Fastest Lookup Times

To help my self learn CUDA, I decided to do an NTLM hash bruteforcer. Currently, each thread checks a constant array to see if the hash the thread generates is in there. I came upon something interesting that contradicted what I learned in my CS courses: Linearly searching through the array is actually faster than a binary search. I believe this is because of the thread divergence, but I didn’t expect the a lineary search through ~256 elements to be faster than a binary search.

I am wondering something else now: If I implement my hash storage as a hash table will I get faster lookup times compared to binary and linear searching? Has anyone had any experience with this?

constant is very fast if all threads access same memory location, however, it still should not be 256 times slower.

For things like NTLM cracker hash table is indeed a good thing, especially if you plan to support many (hundreds and thousands) of hashes simultaneously.

Tell me if I am thinking about this correctly:

128 elements to search

Linear search:

128 * 1 = 128

128 lookups per thread, No warp divergence

Binary search:

log(128) * 32 = 224

Avg 7 lookups per thread, but with warp divergence.

256 is where they are equal.

I’m not sure if threads will be divergent. They will access different locations, but they will not be divergent.

Well, at least if you know number of items in advnace, you can implement binary search without branches.


Hash tables are usually best for simple lookups.
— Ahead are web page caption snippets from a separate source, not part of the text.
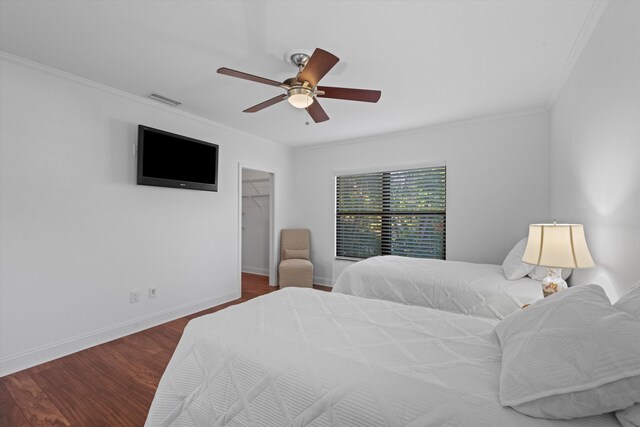 tiled bedroom featuring ceiling fan, ornamental molding, and french doors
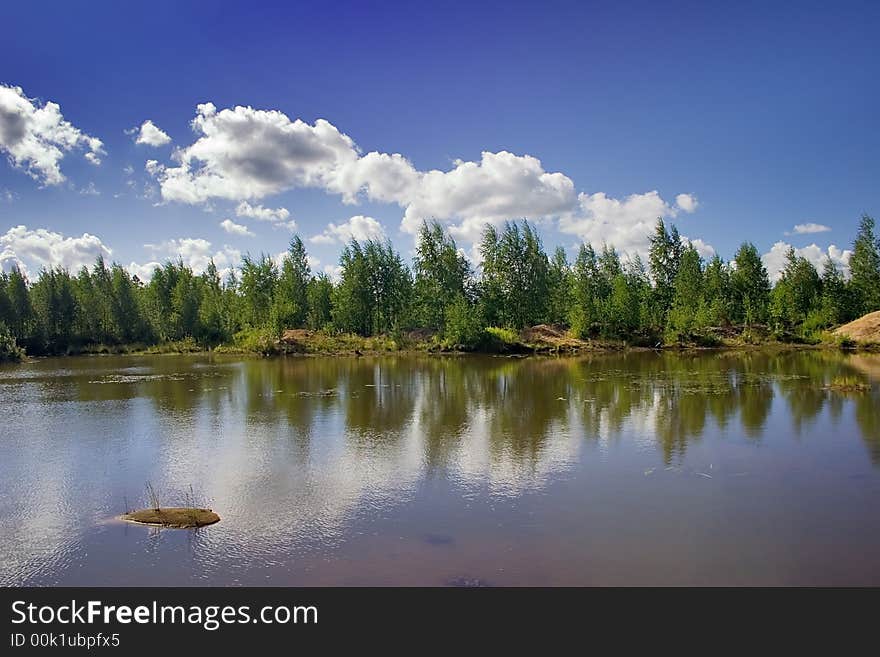 Landscape with blue sky, clouds, forest and lake. Landscape with blue sky, clouds, forest and lake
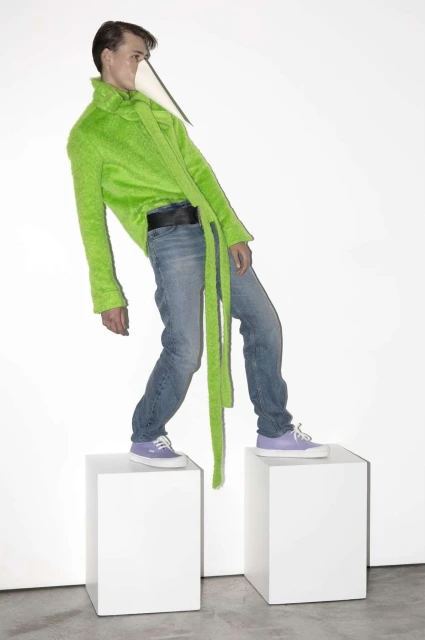 Adult male fashion model stands on white blocks wearing a lime-green jacket, blue jeans, and lilac sneakers against a white backdrop.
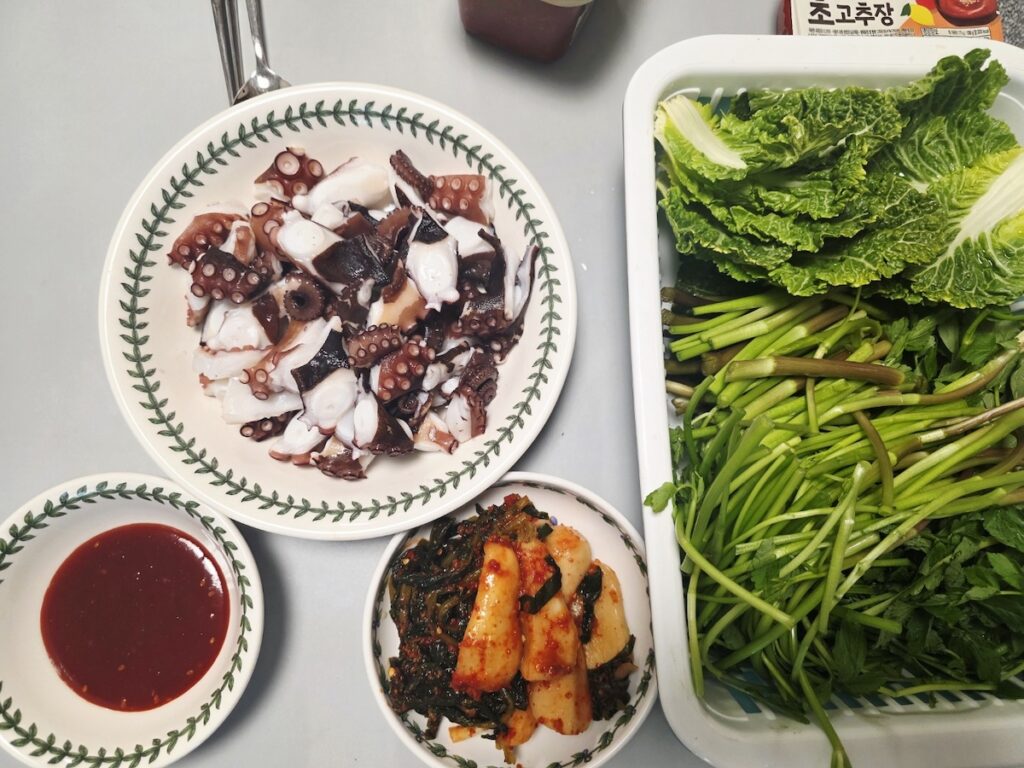 A healthy Korean table with boiled octopus, Minari, and Altari Kimchi for winter vitality.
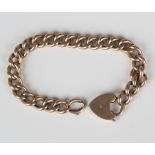 A gold hollow curblink bracelet on a gold heart shaped padlock clasp, detailed '9ct', weight 18.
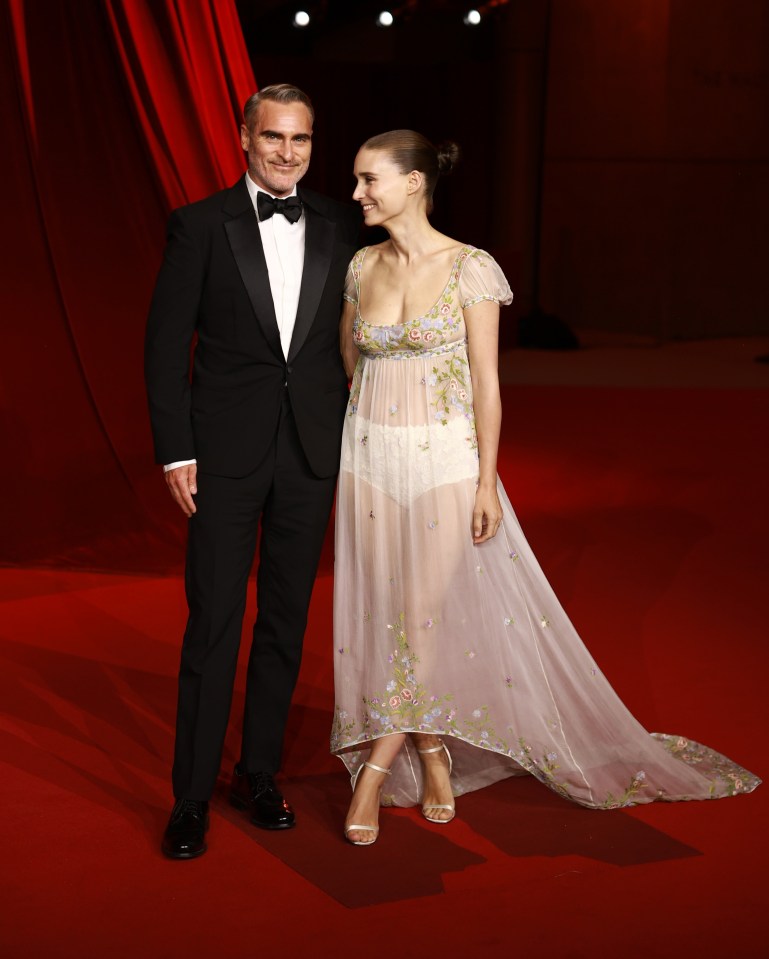 a man in a tuxedo stands next to a woman in a sheer dress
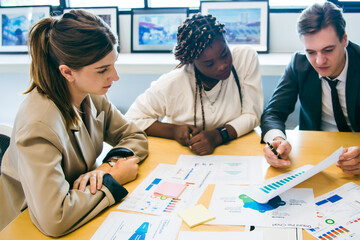 business team meeting with stats and review graphs of company target, goals or market research with data analysis. Above, table or paperwork report of growth, progress or startup performance analytics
Sure they’re wasting bandwidth but they should only need one lookup to find the answer immediately. (It does get trickier if you have a poor hash function or the table is full enough that collisions become common.)
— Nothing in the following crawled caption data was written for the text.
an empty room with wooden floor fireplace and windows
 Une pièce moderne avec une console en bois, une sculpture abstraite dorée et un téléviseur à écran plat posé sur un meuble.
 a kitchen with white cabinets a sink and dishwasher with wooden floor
If you are doing binary search in CUDA, it can pay to reorder your linear array into a 8-way sorted tree on G200 or an 16-way heap on G80.
The idea is that you’re reading a minimum of 8 words anyway (the memory transaction size on G200) so you can step log2(8)=3X times as fast by using the 8 values for deciding which chunk to visit next instead of one value at a time. On G80 transaction sizes are bigger so you may as well go 16 at a time and get a 4X speedup.

No need for pointers in the tree, its structure is determined by the size of the array alone so there’s no space downside at all.

Constant memory isn’t great for random array access because of the memory serialization of constant access.
If you’re dealing with such a short table, put it into shared memory and you’ll have FAST random access.
Even texture memory may be better. It’s not hard to try all three and just measure the speed.
Shared memory will win bigtime if your data can all fit.

That’s my understanding as well. The CUDA profiler helps determining the amount of divergence (unfortunately it doesn’t help fixing it).